We are headed into spring in Tokyo, and as the weather turns warm and sunny, we are watching the buds on the sakura (cherry) trees swell toward blooming. Saturday was sunny and pleasant, and we walked from our apartment in Shibaura to Aoyama Cemetery — about 7 kilometers away. Aoyama is a large cemetery in central Tokyo, and is well known for its beautiful sakura trees in early spring. It is also known as the burial place for Hachiko, the faithful Akita who lived in Tokyo 1923-1935.

Hachiko was the pet of Hidesaburo Ueno — a professor at Tokyo University. Every evening Hachiko would go to nearby Shibuya Station to greet his master when he came home from the university.
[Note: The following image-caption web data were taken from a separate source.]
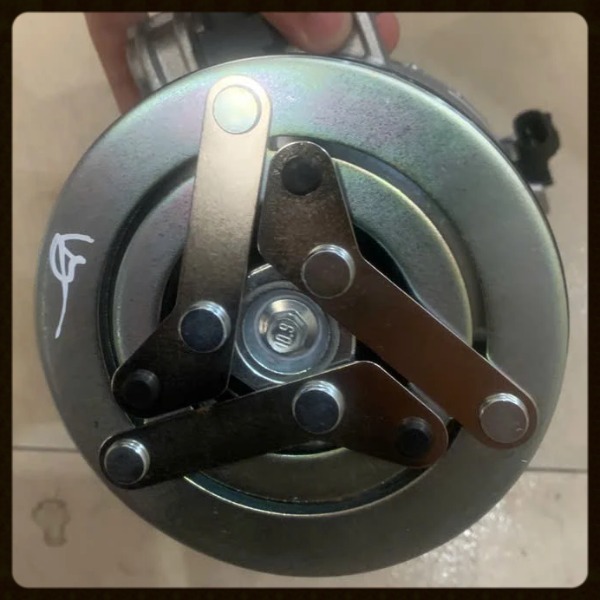 Lốc điều hòa Range Rover Evoque 2012-2019 Mã LR083480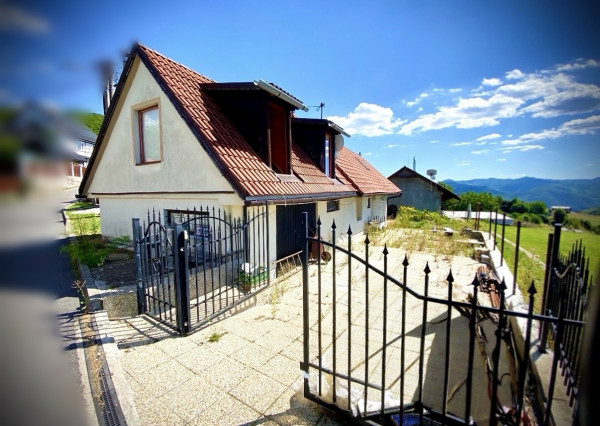 Rodinný dom v malebnom prostredí obce Trnavá Hora – Kľačany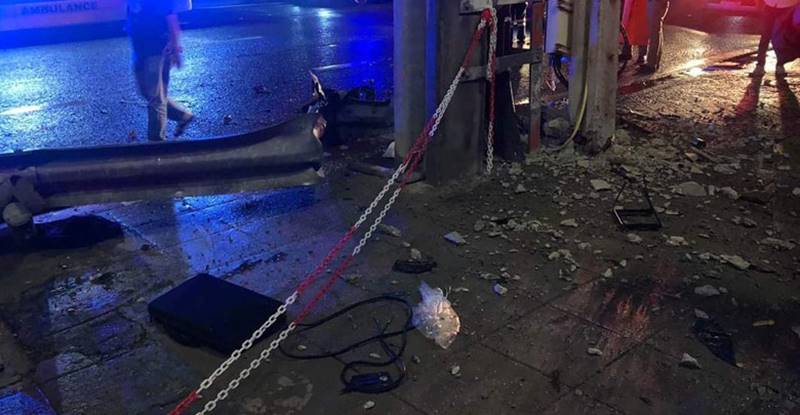 รถชนเสาไฟ โค้ง 100 ศพ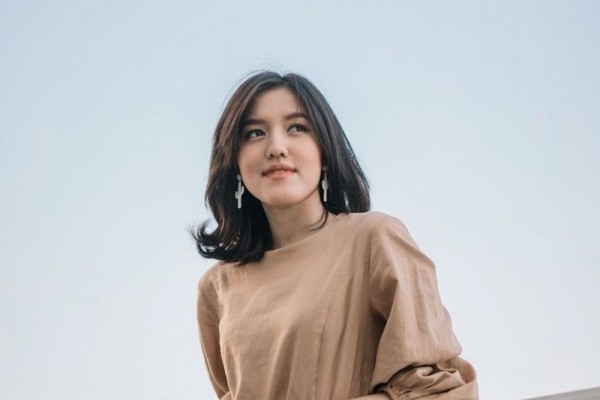 Penyanyi dan penulis lagu, Ify Alyssa, kembali memukau penggemarnya dengan merilis karya terbarunya, sebuah lagu berjudul "Tak Istimewa". (Sumber foto: IDN Times)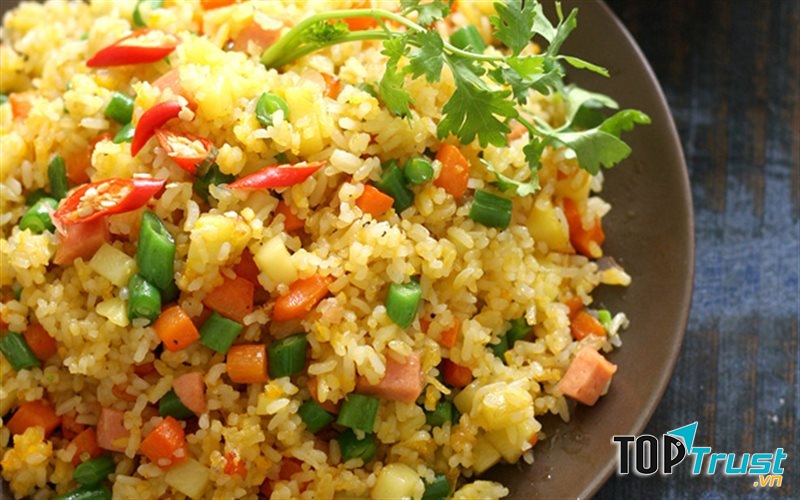 Cơm chiên 79 Đệ Nhất với tiêu chí an toàn thực phẩm từ khâu nguyên liệu đến khâu chế biến cho đến khi thành phẩm.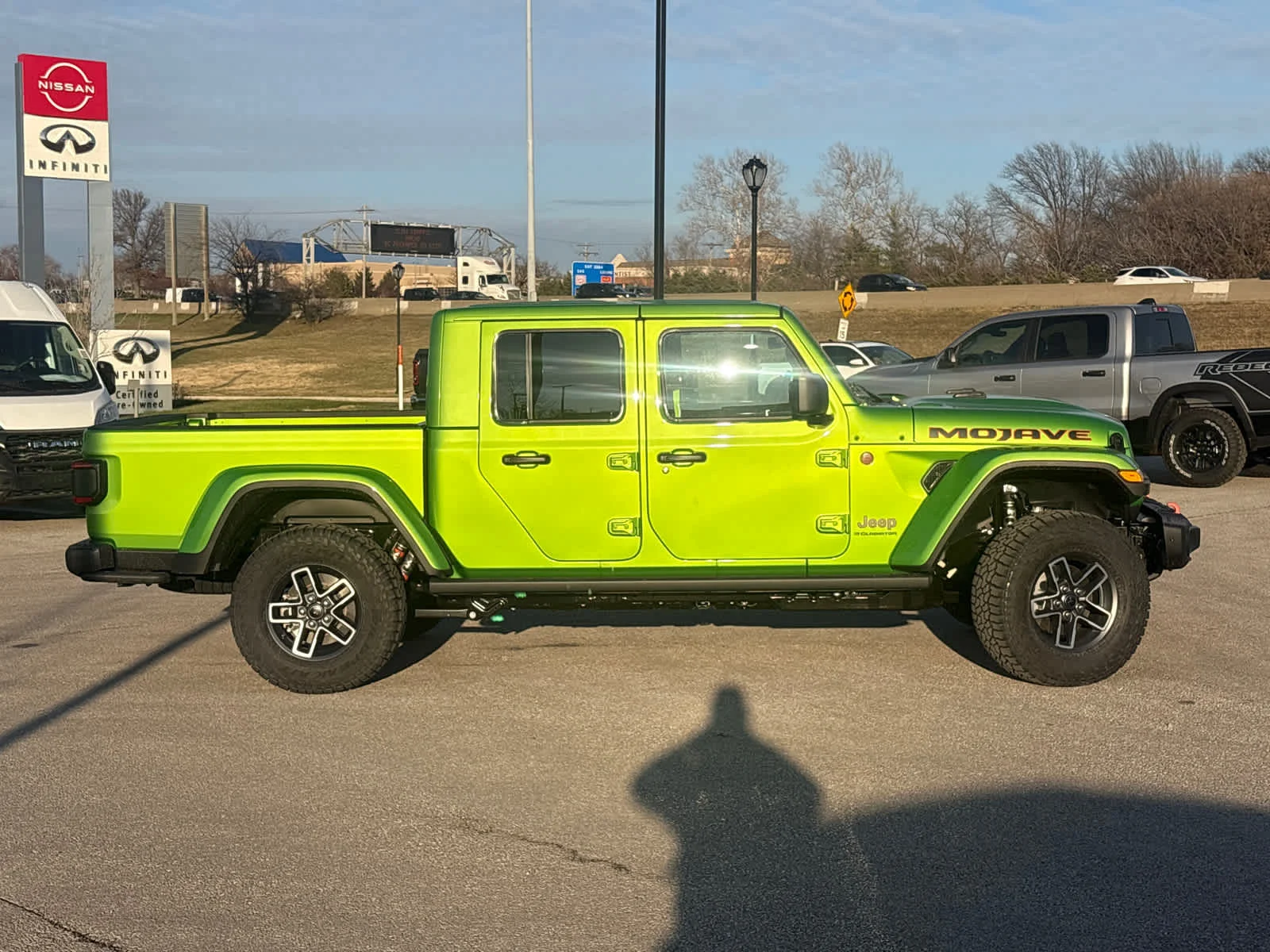 New 2026 Mojito Exterior Paint Jeep Mojave X image 10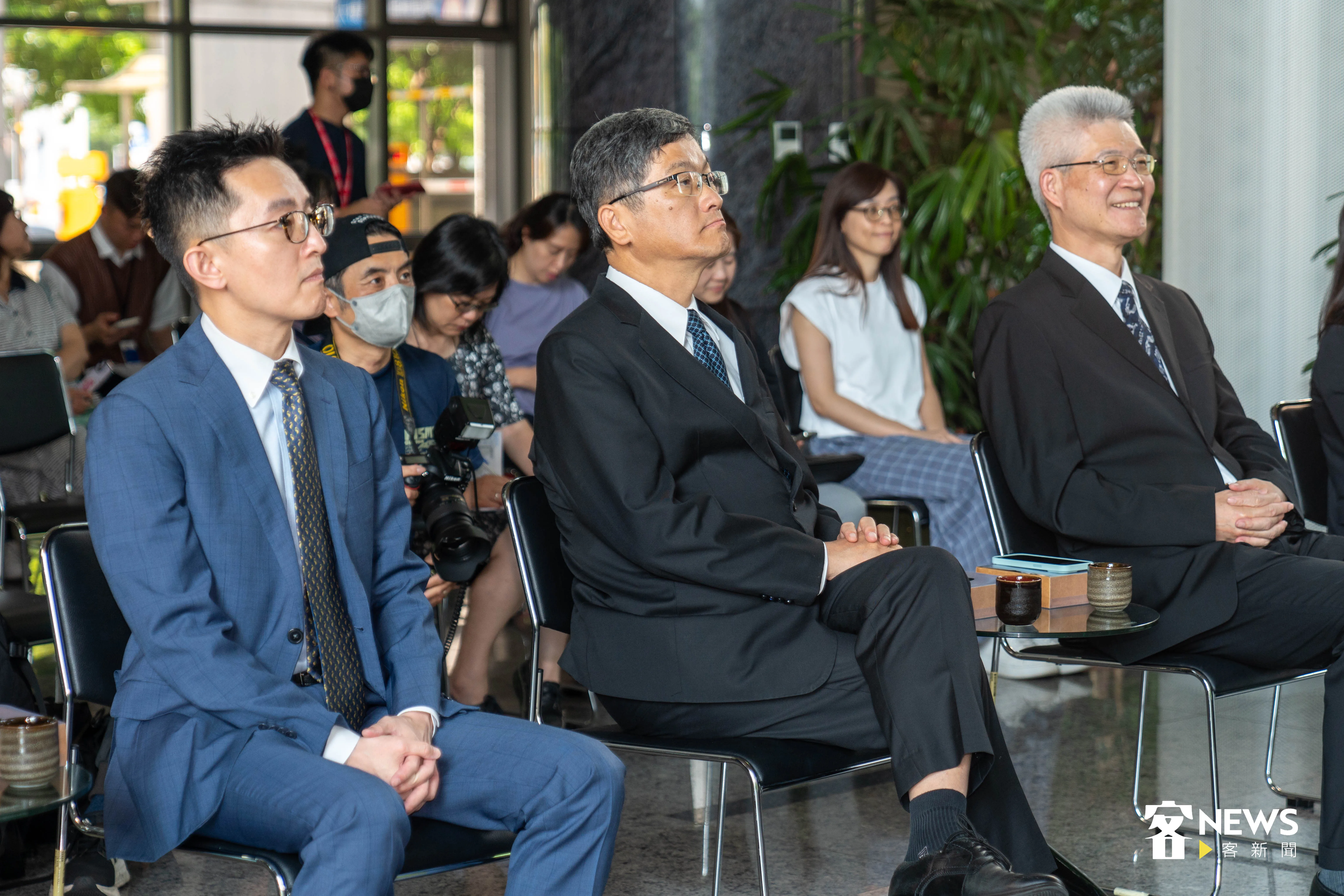左起客家電視台台長向盛言、客家委員會主委楊長鎮、公共電視董事長胡元輝。范修語攝
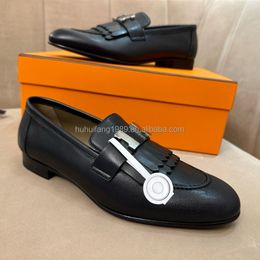 2023 new women's Loafers, made of cowhide fabric, simple hardware buckle, temperament is outstanding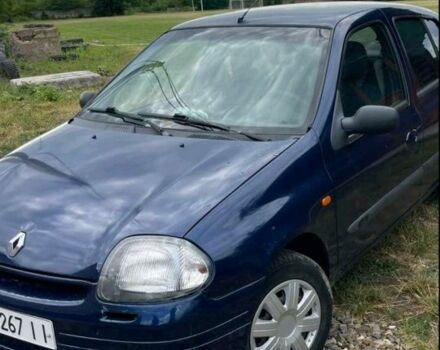 Синий Рено Клио, объемом двигателя 1.4 л и пробегом 250 тыс. км за 2000 $, фото 1 на Automoto.ua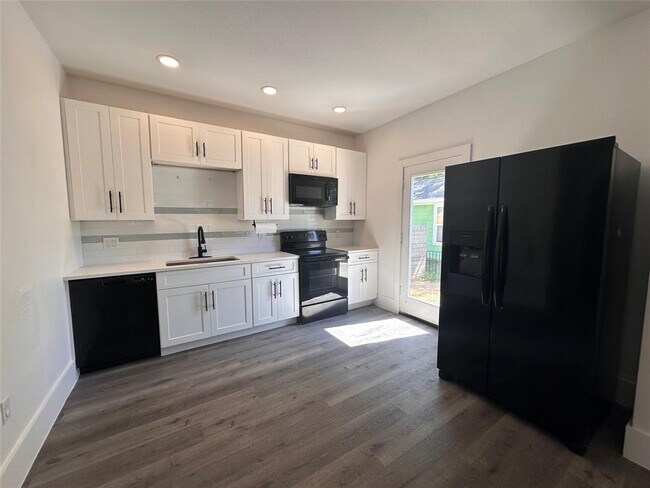 Photo - 720 Neches St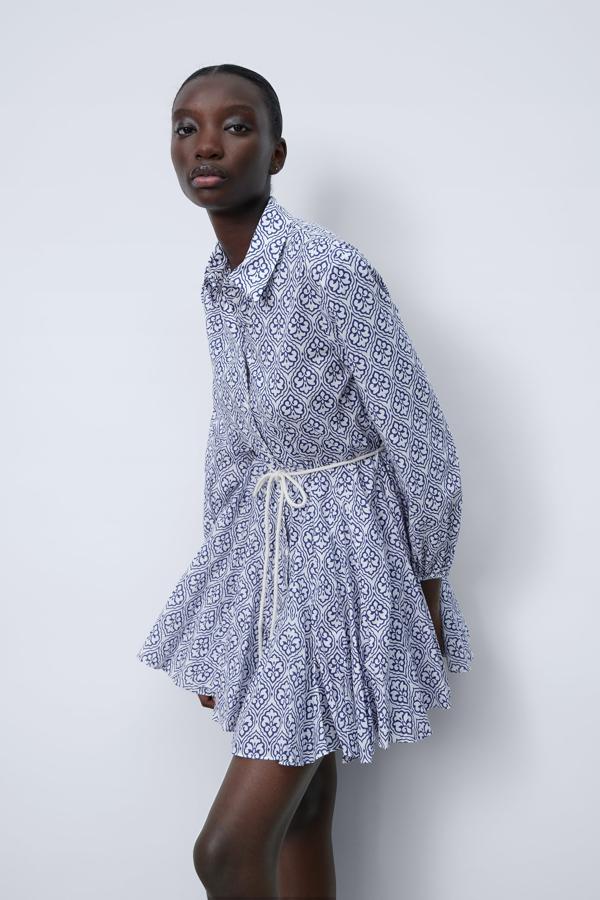 Vestido con estampado geométrico de la nueva colección de Zara (39,99 euros)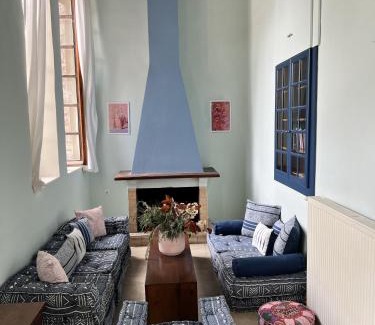 Abeliona House | Discover Abeliona Guesthouse: Family-Friendly Retreat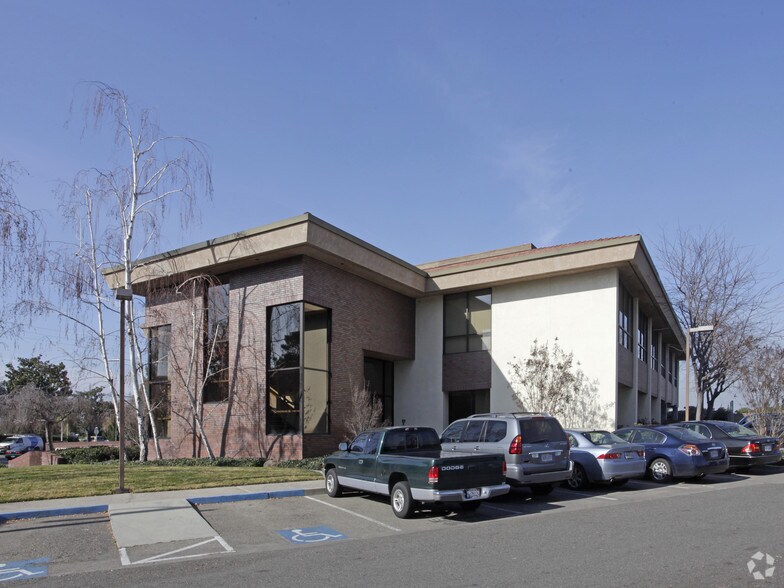360 Kiely Blvd, San Jose, CA à louer - Photo de l’immeuble – Image 2 sur 2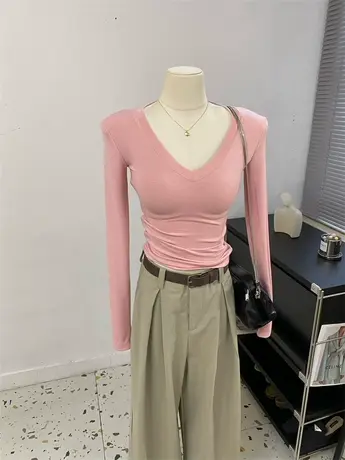 基础款穿出时髦气质~V领垫肩修身长袖T恤女秋冬新款平肩打底衫韩商品大图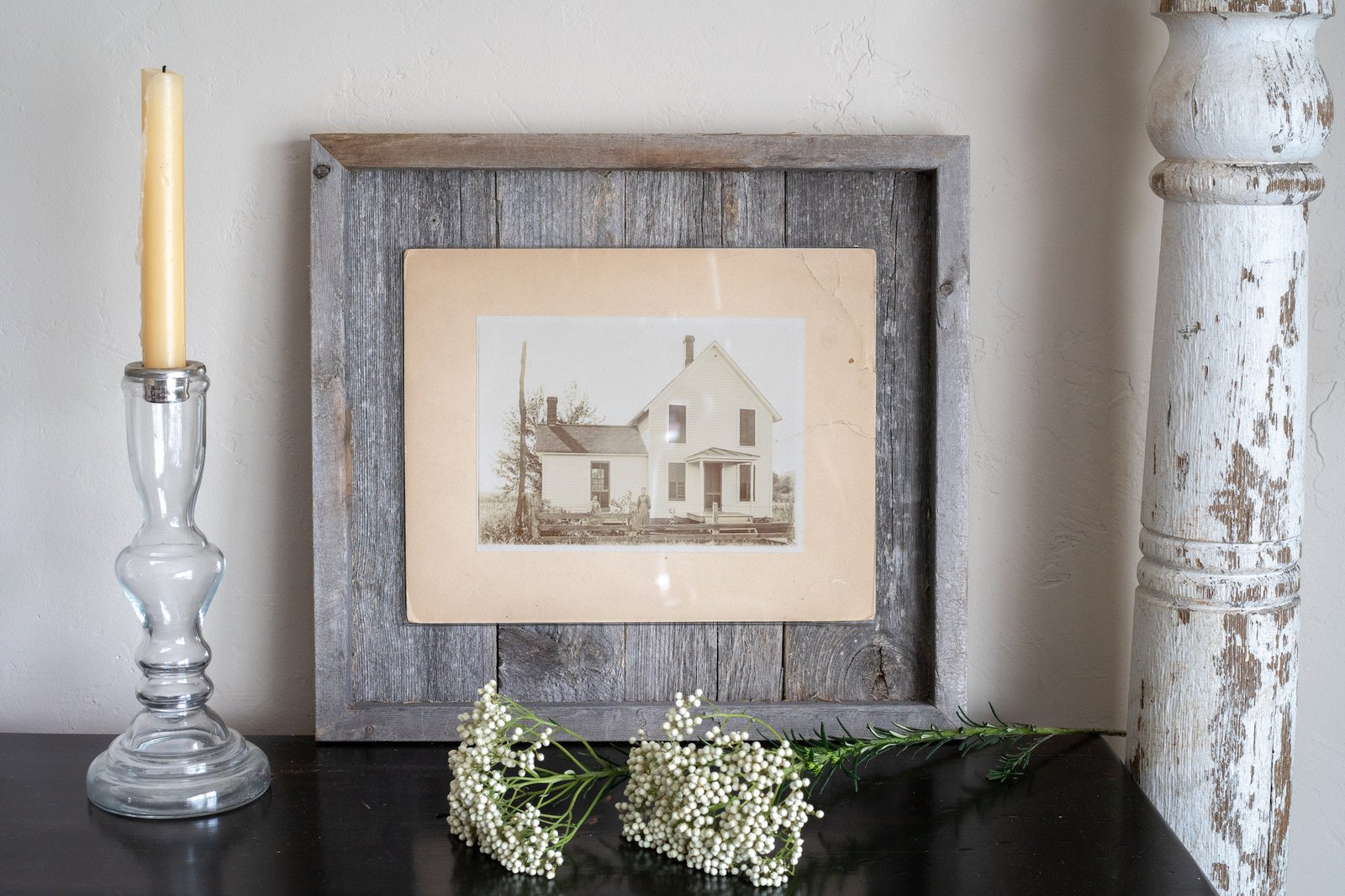 11" x 14" Gray Wood Hanging Picture Frame - Image 6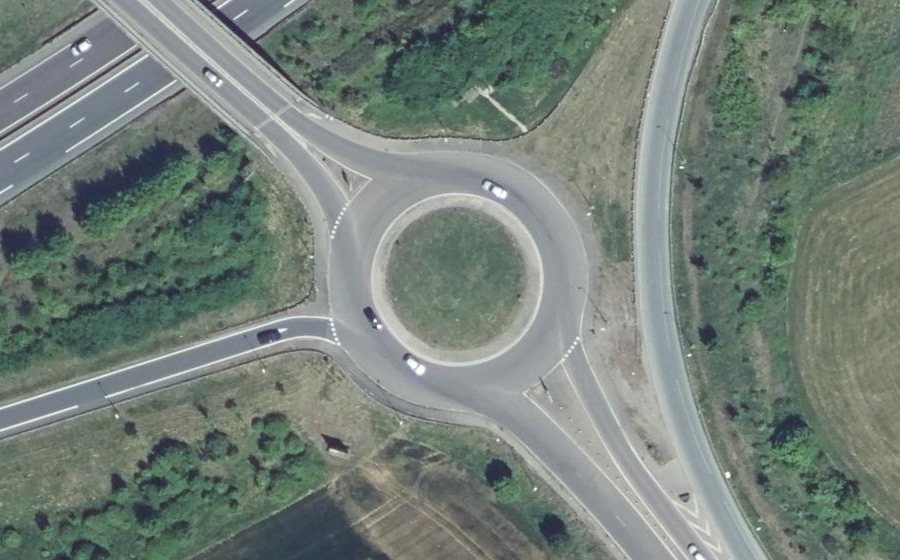 Vue aérienne du Rond-point anonyme n°229242651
Hachiko would always appear just before the time Professor Ueno’s train was due, and wait patiently for him outside the station. Then they would walk home together. This routine went on for several years, until the day when the professor did not show up. Professor Ueno had died suddenly of a stroke while he was at work.

Nevertheless, Hachiko continued to go to the train station every day to wait for his master’s train. For over nine years he would show up as always, in hopes that his beloved master would come back to him. After newspaper articles were written about him, many people started bringing him food and treats, and he became a national symbol for loyalty and faithfulness.

In 1934, Hachiko was present when a bronze statue was erected in his honor outside Shibuya Station. Although this original statue was recycled for the war effort, a new statue was placed in 1948, and still stands outside the Hachiko Guchi (gate) at Shibuya Station. In March 1935, Hachiko’s body was found on a sidewalk in Shibuya. It was determined that he had died of cancer and a parasitic disease at the age of 11. He was a faithful and loyal pet to his last days.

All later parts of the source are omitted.